Many ML studies have introduced systems for deciphering and translating ancient texts into modern language, and these have proven useful to history, archaeology and digital humanities scholars. Now, researchers from the University of Sheffield, Beihang University, and Open University’s Knowledge Media Institute have proposed a transfer learning approach that can automatically process historical texts at a semantic level to generate modern language summaries. The method outperforms standard cross-lingual benchmarks on the task.

Historical text summarization can be regarded as a unique form of cross-lingual summarization. Progress in traditional cross-lingual summarization has however been hindered by limited historical and modern language corpora and evolving vocabulary, spelling, meanings and grammar. Targeting these challenges, the researchers developed a transfer-learning-based approach.

The model was built for the German and Chinese languages, each of which has a rich textual heritage and accessible (monolingual) training resources. German and Chinese also represent alphabetic and ideographic writing systems, respectively, which will facilitate future applications of the method on other languages.
The researchers explain their proposed historical text summarization model is based on a cross-lingual transfer learning framework introduced in the 2019 paperA Survey of Cross-lingual Word Embedding Models, and can be bootstrapped even without cross-lingual (historical to modern) supervision or data.

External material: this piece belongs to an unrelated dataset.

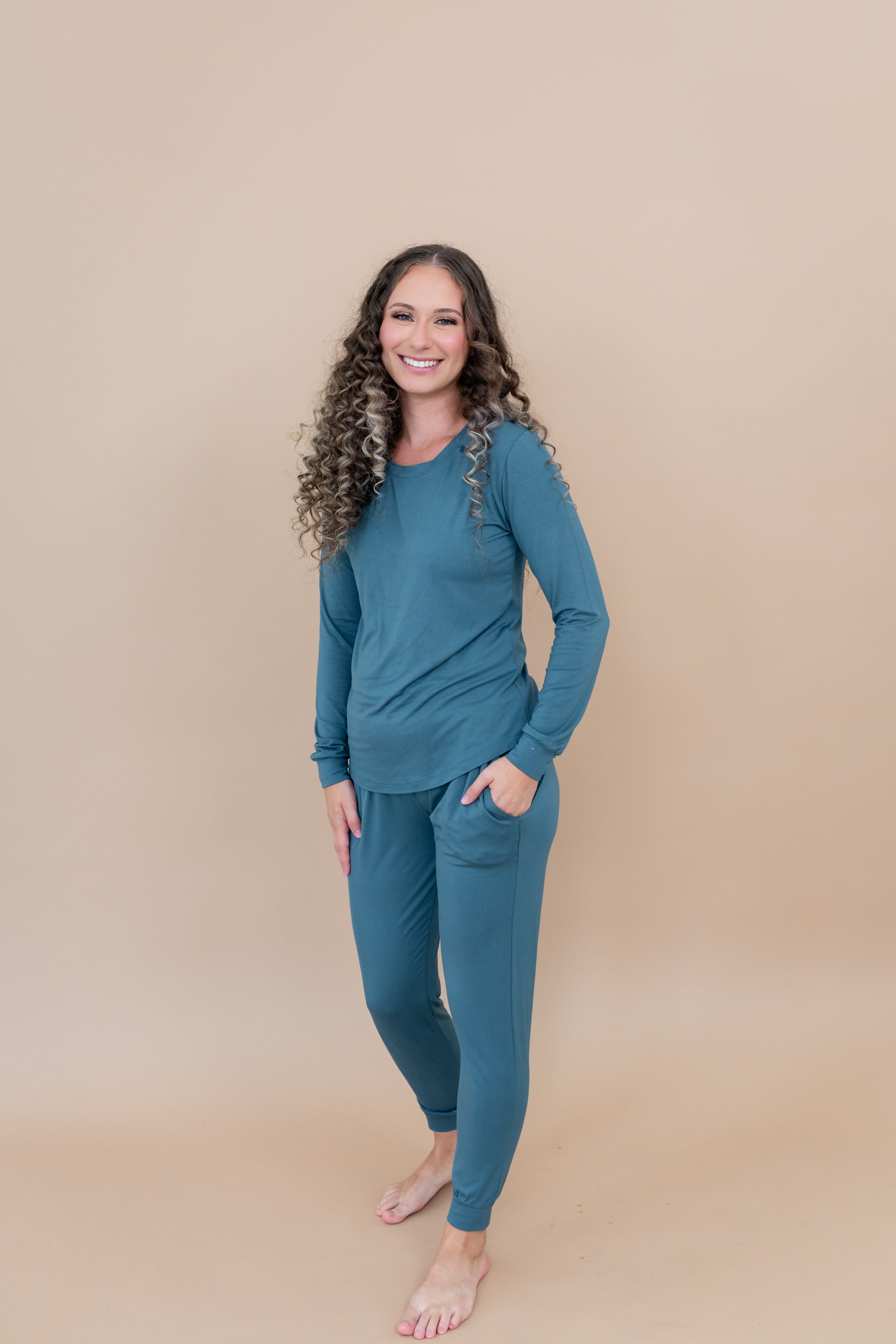 Smiling wearing the Women's Jogger Set in Atlantic with hand in pocket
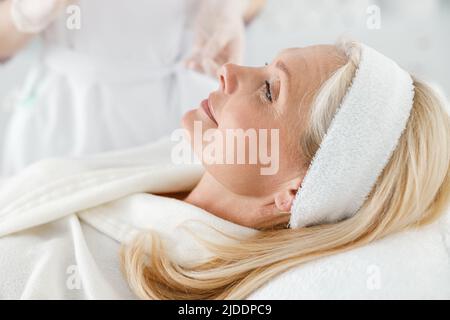 Schöne kaukasische blonde reife Frau mit geschlossenen Augen in Licht Kosmetologie Zentrum Stockfoto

As this is the first study of its kind on historical text summarization, there were no similar methods for model performance comparisons. The researchers note that such summarizations are mostly required for narrative texts such as news, chronicles, diaries and memoirs, and so constructed a summarization corpus for historical news in German and Chinese, dubbed “HISTSUMM,” with help from human experts in the field.
The team employed two state-of-the-art baselines for standard cross-lingual summarization and conducted extensive automatic and human evaluations based on informativeness, conciseness, fluency and currentness using the standard ROUGE metric. The results show the proposed models are comparable to or slightly outperform baseline approaches for German and are superior by large margins for Chinese. The researchers say the new model also provides a benchmark for future studies in this field.
The paper Summarising Historical Text in Modern Languages is on arXiv, and the associated code and data are on the project GitHub.